Butternut Squash Soup step by step
- Put diced butternut squash into large bowl with olive oil, 1 tbsp salt, 1 tbsp pepper, curry powder and cinnamon (feel free to add any herbs or spices desired). Toss to coat each cube evenly. Place into 400°F oven for 45 min or until soft and slighlty browning..
- While the squash bakes, dice the onion and combine this with the chicken broth, remaining salt and pepper. Bring to a boil and let simmer until onions are soft. Add garlic and continue to boil until squash is done..
- When squash is done, put cubes into a blender with onion-broth mixture. Add skim milk and pumpkin puree (if desired), and puree until velvety texture is achieved..
- To keep warm, pour back into sauce pan which previously containted the broth and heat on a very low tempurature, stirring occasionally. Serve hot with optional topping sprinkled on top..
- For topping: sautee bacon until crispy. Combine this with crumbled feta cheese or goat cheese and toasted nuts. Another healthy option is to top with diced parsley or cilantro..

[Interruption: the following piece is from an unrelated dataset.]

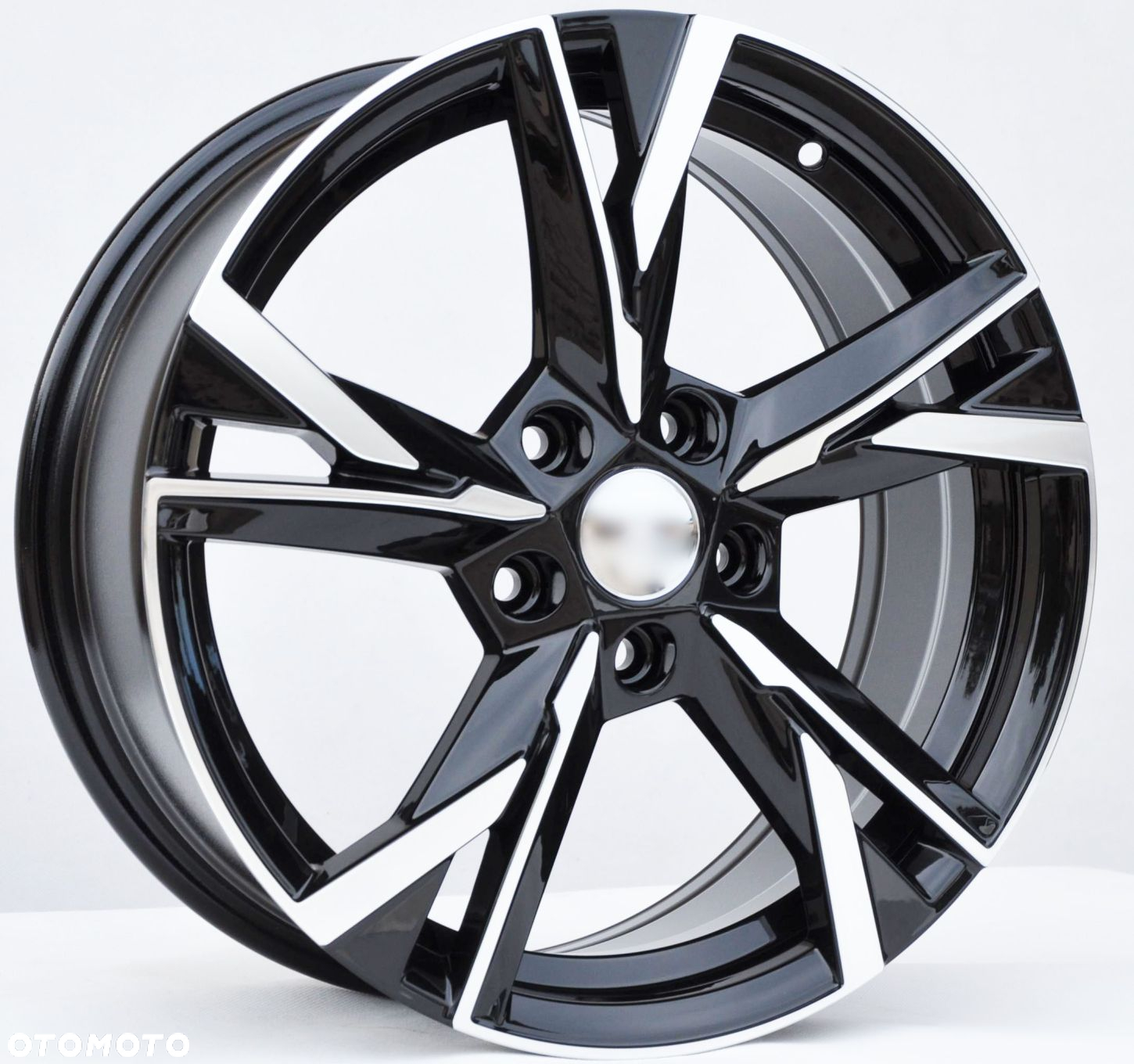 1241 MB FELGI 17 5x112 SKODA OCTAVIA RS SUPERB - 3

Keep it in mind for the holidays, too. I designed this soup to complement typical Thanksgiving fare, like green beans and mashed potatoes. This easy butternut squash soup recipe is a great make-ahead option. This easy butternut squash soup recipe is completely dairy-free! It has added red pepper and ginger, and is deliciously smooth.